* [WHAT THIS TASK INVOLVES] An exact transcription of all the records below is required, without any images.

━━ TASK INPUTS

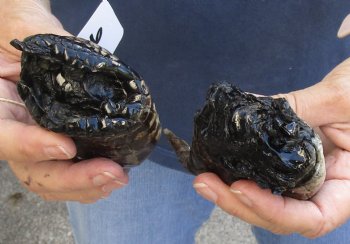 2 Alligator Feet, Preserved with Formaldehyde 6 and 6-3/4 inches - $20 each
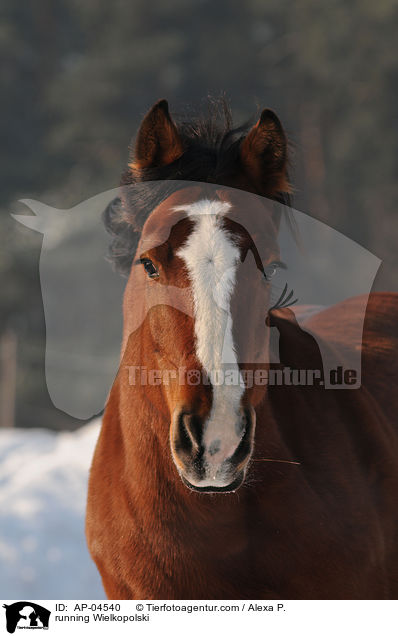 running Wielkopolski / AP-04540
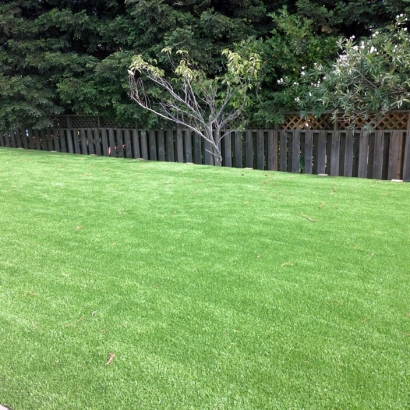 Synthetic Lawn Riverdale, California Landscaping Business, Backyard Garden Ideas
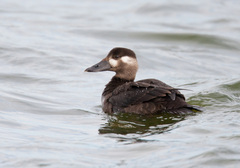 Surf Scoter photo 4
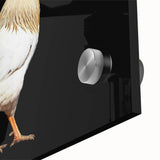 Close-up of a vibrant acrylic wall art piece showcasing a detailed chicken design with colorful feathers and intricate patterns, perfect for adding a whimsical touch to home decor.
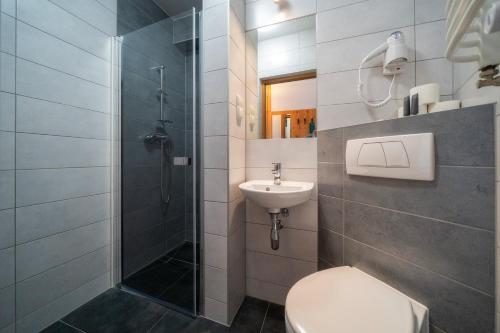 a bathroom with a shower and a toilet and a sink at Rysy in Bukowina Tatrzańska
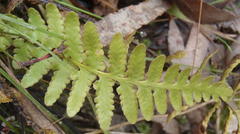 Asplenium capense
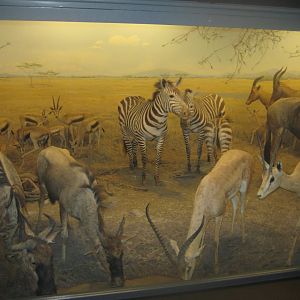 Naturhistorisk Museum Aarhus - Africa hall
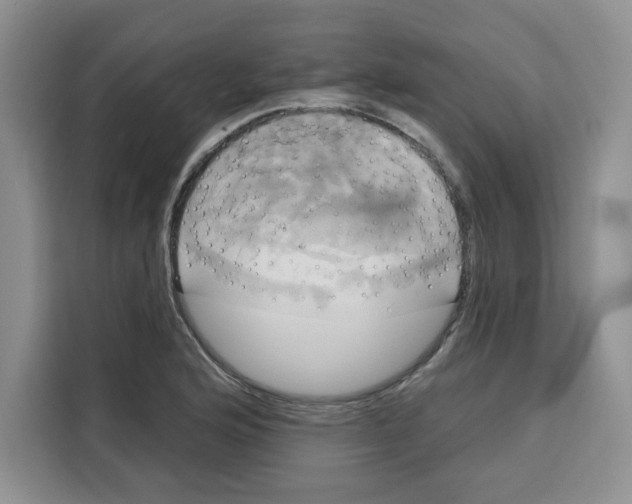 X0000115091176200911241207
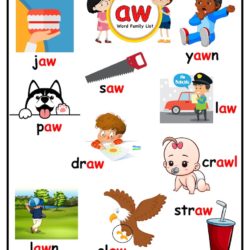 Kindergarten ap word family picture card worksheet
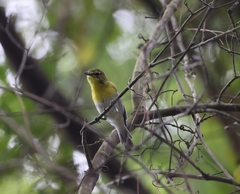 Vireo flavifrons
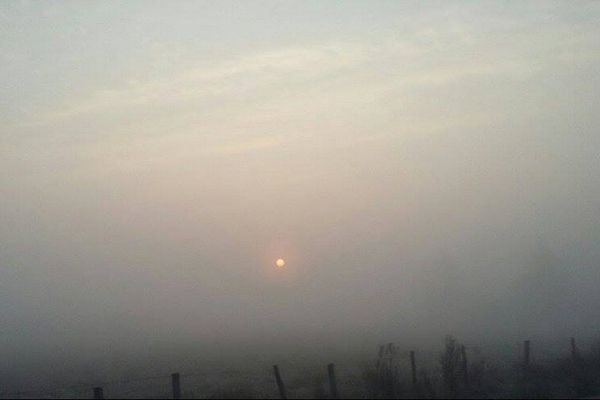 La campagne ligérienne au petit jour en mars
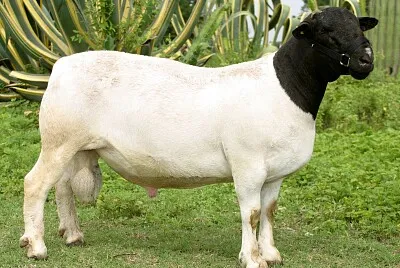 Pecoraa blackead persian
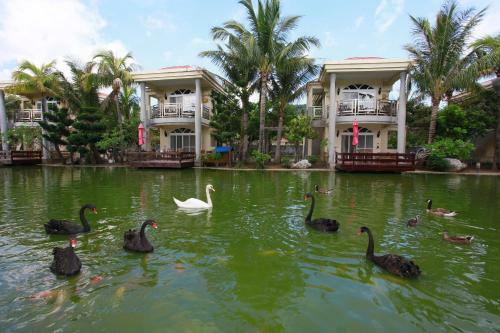Hotel Swan Lake Villa Resort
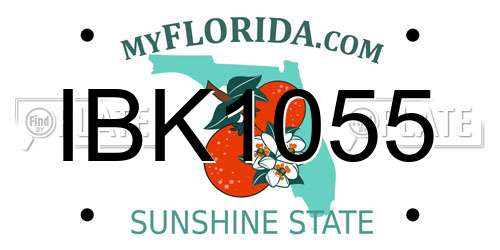 IBK1055 Florida License Plate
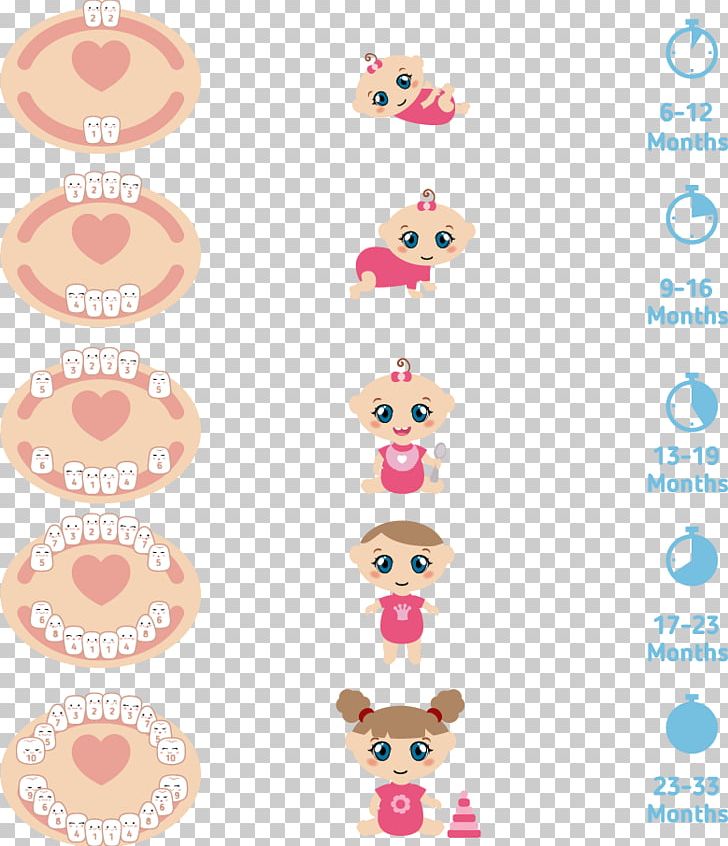 Teething Deciduous Teeth Infant Human Tooth Illustration PNG, Clipart, Baby, Baby Teeth, Balloon Cartoon, Body Jewelry, Boy Cartoon Free PNG Download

━━━━

* [WORKED SOLUTION]
 2 Alligator Feet, Preserved with Formaldehyde 6 and 6-3/4 inches - $20 each
 running Wielkopolski / AP-04540
 Synthetic Lawn Riverdale, California Landscaping Business, Backyard Garden Ideas
 Surf Scoter photo 4
 Close-up of a vibrant acrylic wall art piece showcasing a detailed chicken design with colorful feathers and intricate patterns, perfect for adding a whimsical touch to home decor.
 a bathroom with a shower and a toilet and a sink at Rysy in Bukowina Tatrzańska
 Asplenium capense
 Naturhistorisk Museum Aarhus - Africa hall
 X0000115091176200911241207
 Kindergarten ap word family picture card worksheet
 Vireo flavifrons
 La campagne ligérienne au petit jour en mars
 Pecoraa blackead persian
Hotel Swan Lake Villa Resort
 IBK1055 Florida License Plate
 Teething Deciduous Teeth Infant Human Tooth Illustration PNG, Clipart, Baby, Baby Teeth, Balloon Cartoon, Body Jewelry, Boy Cartoon Free PNG Download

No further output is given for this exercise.